Esse mesmo decreto, que reformulará a chamada Lei da Memória Histórica, foi hoje aprovado em Conselho de Ministros, anunciou a vice-primeira-ministra Carmen Calvo. A partir de hoje a família de Franco tem 15 dias para se pronunciar sobre a decisão.
"Estamos a celebrar os 40 anos da Espanha democrática, de uma ordem constitucional estável e madura (…) e não é compatível com um monumento estatal em que a figura de Franco continua a ser glorificada", declarou numa conferência de imprensa.
Segundo Carmen Calvo, a exumação, que recebeu uma forte oposição da família de Franco, poderá ocorrer no final do ano.
O decreto-lei terá ainda de ser aprovado pelo Congresso dos Deputados, em data a definir. Os socialistas são minoritários, mas esperam obter a maioria com o apoio da esquerda radical do partido Podemos e dos nacionalistas bascos e catalães.
A vice-presidente do Governo disse que o Executivo escolherá o local para onde serão transportados os restos mortais de Franco se a família não se manifestar “a tempo e horas”, assegurando-lhe “uma sepultura digna”.
O objetivo é acabar com uma "anomalia democrática, um mausoléu de culto a um ditador", afirmou o porta-voz socialista no Senado, Ander Gil.
O governo baseia-se numa proposta aprovada no Parlamento em maio de 2017, quando o governo era comandado pelo conservador Partido Popular, e que determinava a exumação.
Desde 23 de novembro de 1975, três dias depois de sua morte, o corpo do general Franco está no 'Valle de los Caídos".
O local, um impressionante complexo a 50 km de Madrid, tem uma basílica com uma cruz de 150 metros de altura.
O militar que governou o país de 1939 a 1975 está enterrado no altar da basílica sob uma laje sempre coberta por flores frescas, assim como o fundador do partido fascista Falange, José Antonio Primo de Rivera.
No mesmo complexo foram sepultados quase 27 mil combatentes franquistas e 10 mil opositores republicanos, motivo pelo qual o ditador apresentou o "Valle" como um local de "reconciliação".
Os críticos, no entanto, consideram-no um insulto às vítimas da repressão franquista, porque os corpos dos republicanos, retirados de cemitérios e valas comuns, foram levados até o local sem o consentimento das suas famílias. Além disso, o conjunto monumental foi construído por quase 20 mil presos políticos, entre 1940 e 1959.
Pedro Sánchez defendeu a iniciativa poucos dias depois de chegar ao poder, alegando que um lugar como "Valle de los Caídos" seria inimaginável em países como Alemanha ou Itália.
A solução lógica seria enviar os restos mortais para o túmulo que a família Franco tem no cemitério El Pardo, na região de Madrid.
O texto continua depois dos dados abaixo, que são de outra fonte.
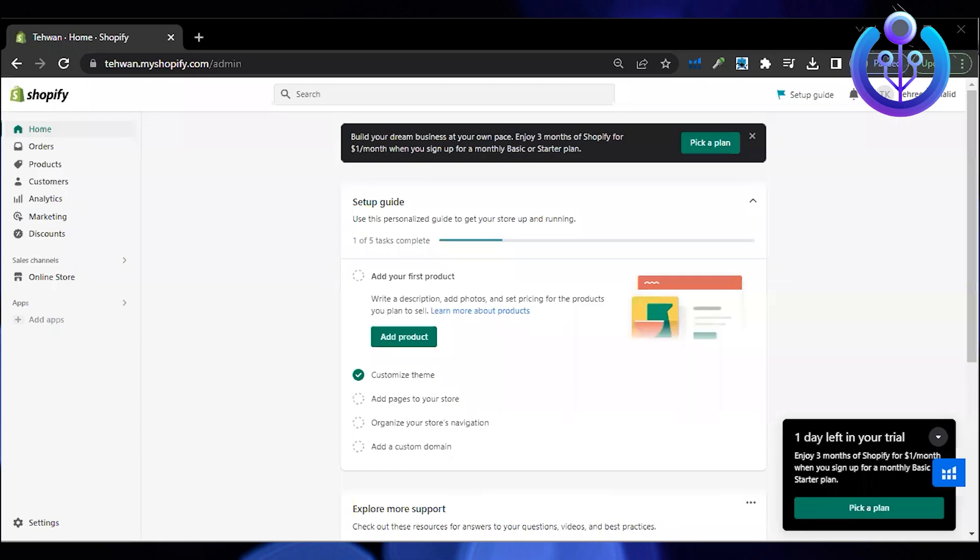Hello everyone and welcome back. In today's video, we are going to learn how to set up Shopify payment gateway for your country.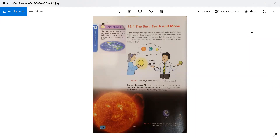If you were given a light source, a tennis ball, and a football, how would you use them to represent the Sun, Earth and Moon? Why did you represent them the way you did? Is your model of the Sun, Earth and Moon system an accurate representation of the actual system?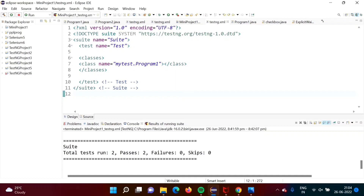Hello friends, welcome to my channel. Up till now, we have seen concepts of Selenium and TestNG framework. In this video, we will see one real-time project, and for this project, we will use concepts of Selenium and TestNG framework.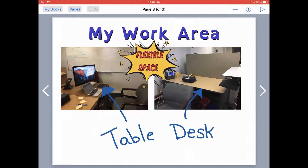There may be times when you want to add audio or narration into your book to help explain something. In the case of our All About Me book, you might want to use audio to help explain how you want students to use different parts of your room, or you might want to add some audio to help explain something that you like or something that you like to do. Book Creator makes it really easy and simple to add audio to your book.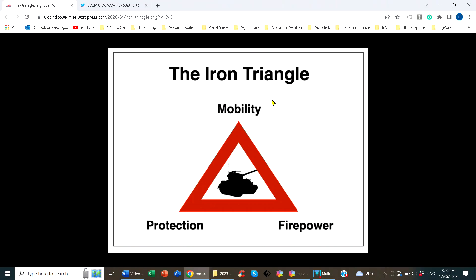Anyone familiar with fighting vehicle design knows what the Iron Triangle is. It defines the three major characteristics of armoured vehicles: mobility, firepower, and protection. You can't maximise all three simultaneously. If you maximise protection, you lose mobility. If you maximise firepower, vehicles get too big and awkward. When designing the vehicle, you have to decide where in this triangle the balance lies — what trade-offs in mobility, protection, and firepower you're prepared to make to achieve the necessary result.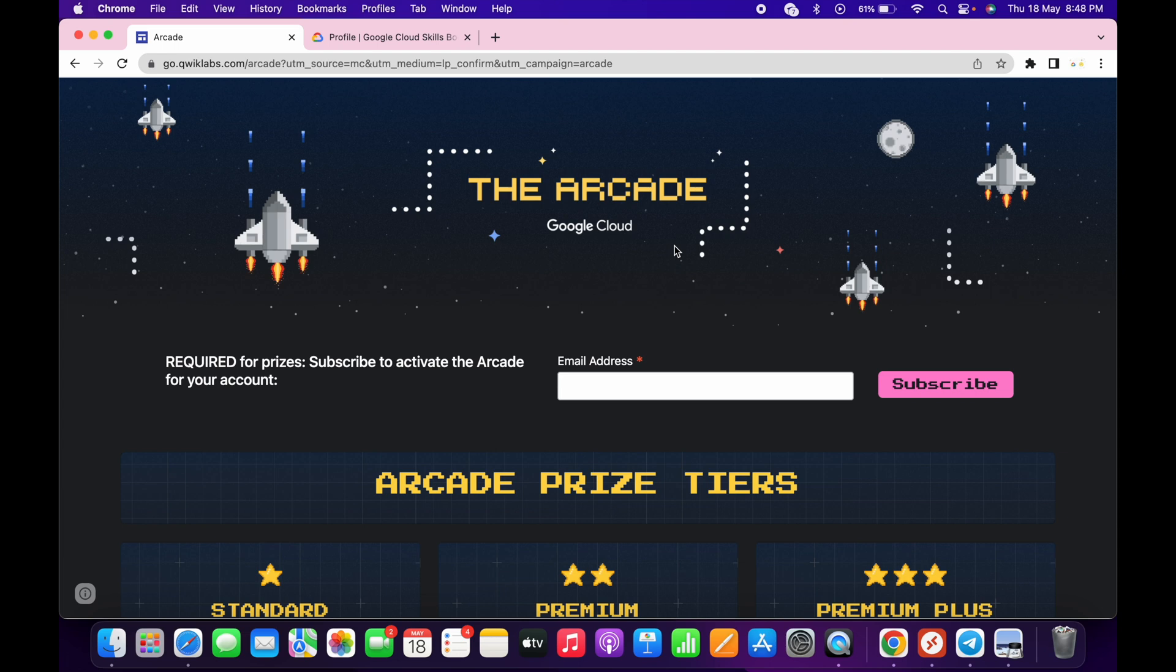Welcome back to the channel. Team has come with a new update - many of you guys have the concern about how many points we require for claiming one swag from this arcade counter.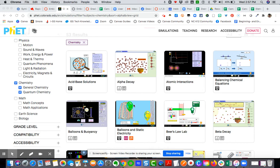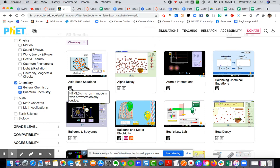The ones that have the HTML5 symbol are really going to be your better options to embed inside of Canvas, because if you hover over or even click those, it's going to tell you that it runs on most modern web browsers and on any device. So those are the ones my recommendation would be for you to choose.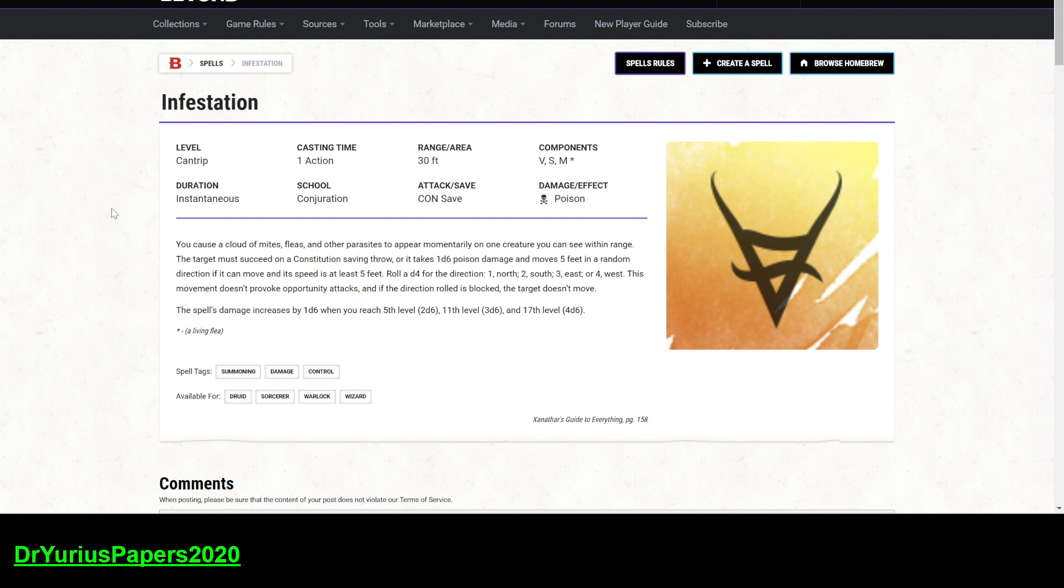So, con saves are easy for most opponents. Poison damage, lots of things are resistant to poison. It does a D6 damage. There's lots of other cantrips that do just as much damage as this. And it makes the target, if they fail their save, they take the damage and they move five feet in a random direction.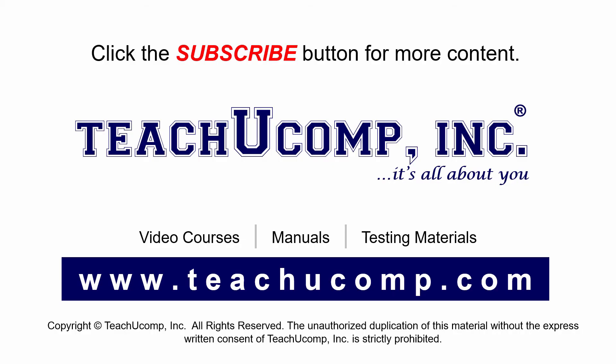Remember to click the Subscribe button to see more of our videos. Get ad-free courses at teachucomp.com.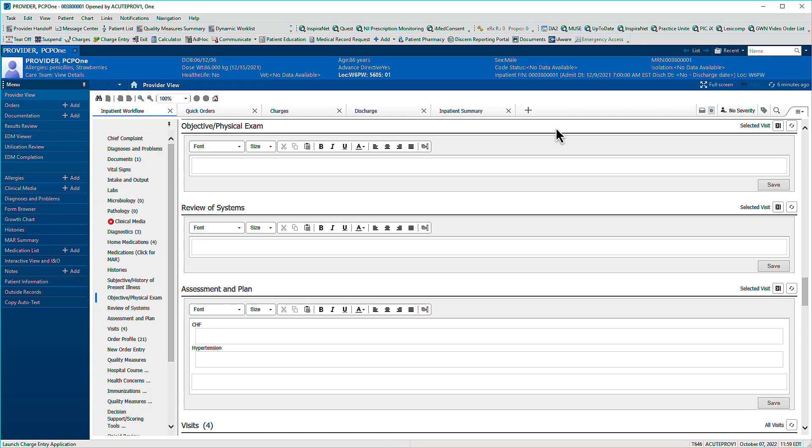Speed documentation by using Autotext in any free text field. Autotext is queried by using special characters like periods and semicolons, followed by case-sensitive letters.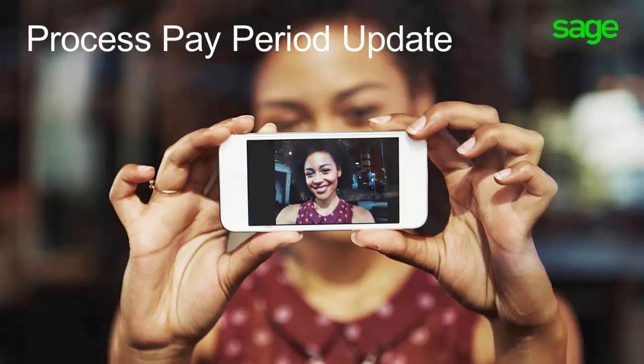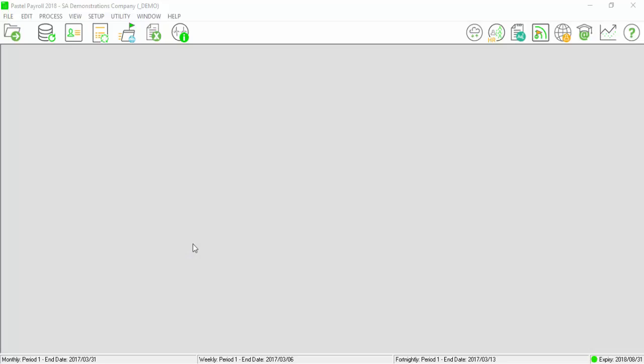Good day and welcome to the Sage support video. This video will assist you to do a pay period update into the next period. Ensure that all your employees are processed.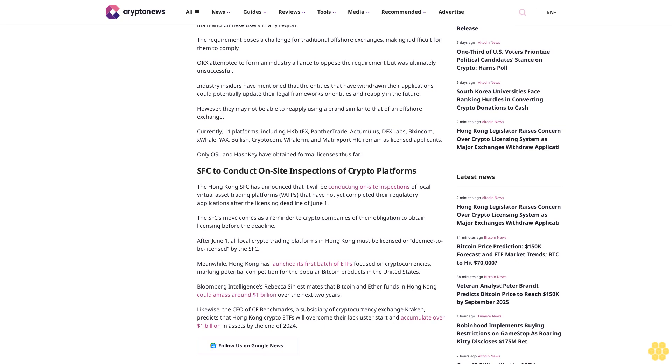Likewise, the CEO of CF Benchmarks, a subsidiary of cryptocurrency exchange Kraken, predicts that Hong Kong crypto ETFs will overcome their lackluster start and accumulate over $1 billion in assets by the end of 2024.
Os socialistas afirmam que desejam transformar o "Valle de los Caídos" num verdadeiro local de reconciliação e memória, sem apresentar detalhes sobre como pretendem modificar o espaço monumental de forte caráter católico e idealizado pelo próprio Franco.
Mas num país onde a memória sobre a guerra e a ditadura continua a ser um tema envenenado, todos os projetos esbarram na oposição da família do ditador, da Fundação Francisco Franco, que reivindica a sua memória, e sobretudo com a do PP, que insiste na necessidade de não reabrir "antigas feridas".
Os conservadores já informaram que pretendem recorrer ao Tribunal Constitucional contra a exumação, pois consideram abusivo o uso de um decreto-lei para um tema que não é urgente.